Personal information
- Full name: Lindsay Marc Rose
- Date of birth: 8 February 1992 (age 34)
- Place of birth: Rennes, France
- Height: 1.84 m (6 ft 0 in)
- Positions: Centre back; right back;

Team information
- Current team: Sepsi OSK
- Number: 31

Youth career
- 1998–2000: CPB Rennes
- 2000–2008: Rennes
- 2008–2010: Laval

Senior career*
- Years: Team / Apps / (Gls)
- 2010–2013: Laval / 69 / (3)
- 2013–2014: Valenciennes / 24 / (1)
- 2014–2016: Lyon / 16 / (0)
- 2014–2015: Lyon B / 5 / (0)
- 2016: → Lorient (loan) / 10 / (0)
- 2016–2019: Lorient / 27 / (5)
- 2016–2019: Lorient B / 6 / (0)
- 2017: → Bastia (loan) / 9 / (0)
- 2019: → Aris (loan) / 13 / (2)
- 2019–2021: Aris / 68 / (5)
- 2021–2024: Legia Warsaw / 37 / (1)
- 2021–2023: Legia Warsaw II / 10 / (0)
- 2024–2026: Aris / 44 / (0)
- 2026–: Sepsi OSK / 5 / (1)

International career^{‡}
- 2008: Mauritius U17
- 2010: France U18 / 8 / (1)
- 2010–2011: France U19 / 10 / (1)
- 2011–2013: France U20 / 10 / (0)
- 2013–2014: France U21 / 4 / (1)
- 2018–: Mauritius / 29 / (2)

= Lindsay Rose =

Footballer (born 1992)

Lindsay Marc Rose (born 8 February 1992) is a professional footballer who plays as a centre back or a right back for Liga I club Sepsi OSK. Born in France, he plays for the Mauritius national team, which he captains.

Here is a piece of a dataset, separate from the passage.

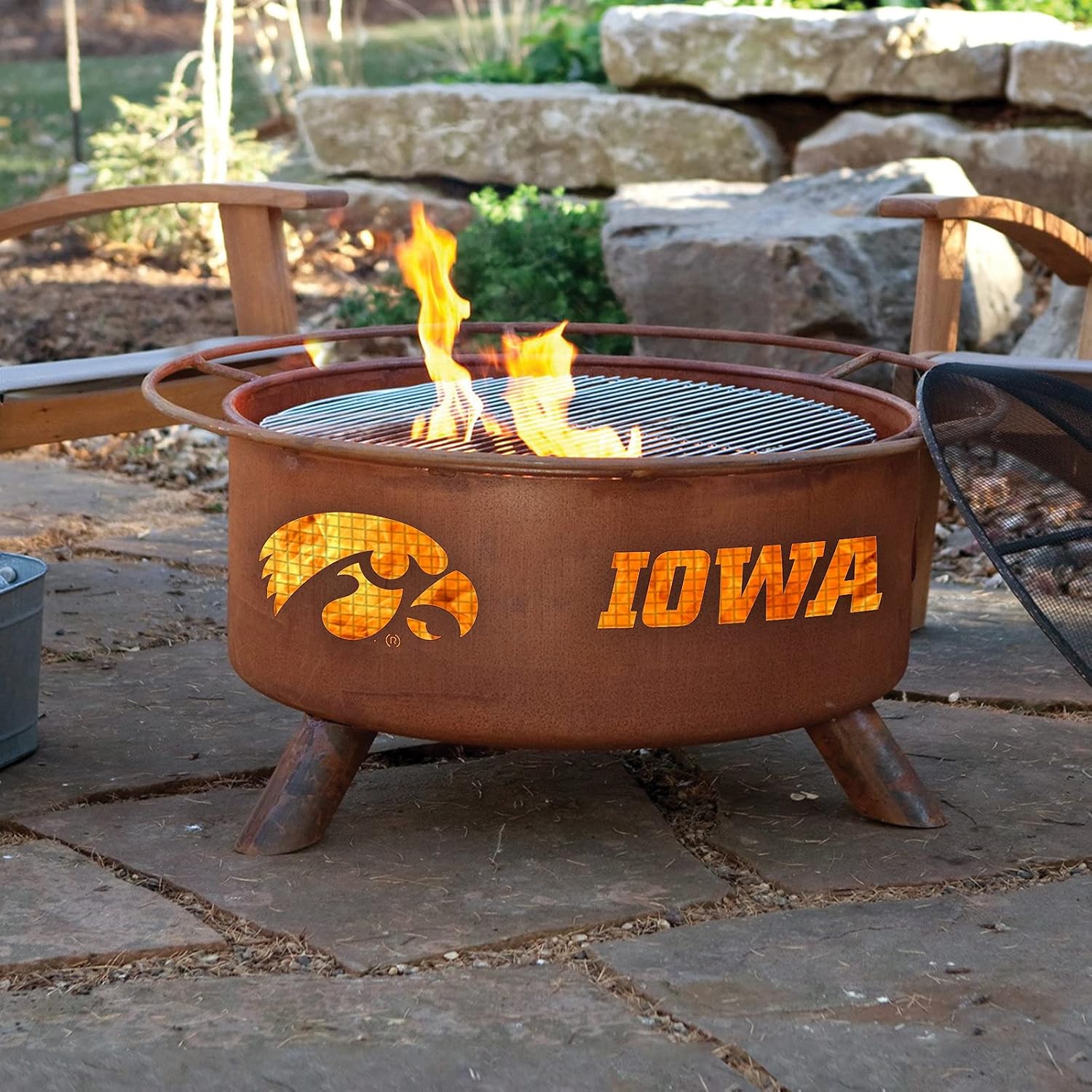 Patina Products F241 Iowa Steel Outdoor Fire Pit - 24 x 24 x 11 inch - Natural Rust Patina Finish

He was a France youth international and previously played at under-18 and under-19 level.

==Club career==

===Youth career and Laval===
Rose began his career in 1998 with hometown club CPB Rennes. After training there for three years, he moved to professional club Rennes. After spending nine years in the club's academy, Rose was released without Rennes offering him a professional contract. Soon after, he signed on with Ligue 2 club Laval, appearing for the club's reserve team in the Championnat de France amateur 2 numerous times.

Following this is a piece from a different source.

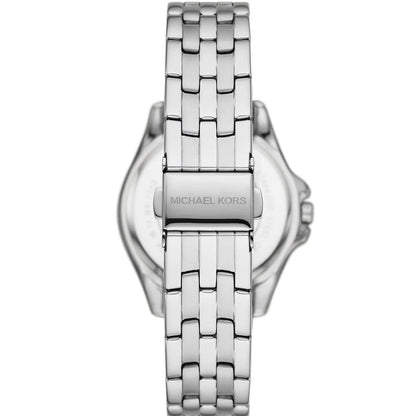 Back view of Michael Kors Pilot MK7379 watch showing caseback and silver-tone metal band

Rose made his professional debut on 9 April 2010 in a league match against Châteauroux. On 21 May 2010, Rose signed his first professional contract agreeing to a three-year deal with Laval.

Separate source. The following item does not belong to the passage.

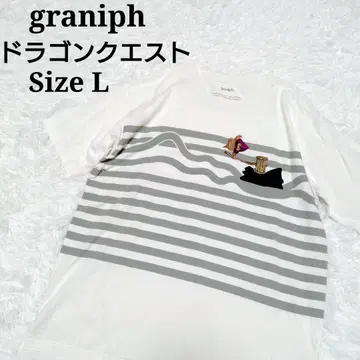 graniph 드래곤 퀘스트 콜라보 티셔츠 L 보더 DQ+g 자수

===Valenciennes and Lyon===
On 17 July 2014, after a season-and-a-half at Ligue 1 side Valenciennes, he signed a four-year deal with Olympique Lyonnais prior to the 2014–15 season.

=== Aris ===
On 24 January 2019, Rose joined Aris on a six-month loan deal from Lorient. On 3 March 2019, he scored his first goal for the club, sealing a 2–0 home win against AEK Athens, in the battle for a Europa League ticket. On 31 March 2019, he scored equalizing the score in an eventual 3–1 home win against OFI.

On 29 June 2019, Aris announced the signing of Rose on a three-year contract. On 2 November 2019, he scored with an excellent finesse shot in a 1–1 away draw against Panionios.

On 4 January 2020, he scored with a close range header, in a massive 4–2 home win against PAOK, at the Derby of Thessaloniki. Fifteen days later, he scored in a disappointing 4–2 away loss against Olympiacos.

Rose impressed with his performances throughout the 2019–20 season, In late April, Aris reportedly rejected an offer from Crvena Zvezda, estimated to be around €600,000.

=== Legia Warsaw ===
In July 2021, even though he was part of the summer pre-season preparation of Aris, he was transferred to Polish Ekstraklasa club Legia Warsaw, expressing, though, that his leave is only an "au revoir" and not a final goodbye, after stating he will return one day to the club of Aris. On 28 October 2021, he scored his premier goal in the Polish Cup game against Świt Szczecin.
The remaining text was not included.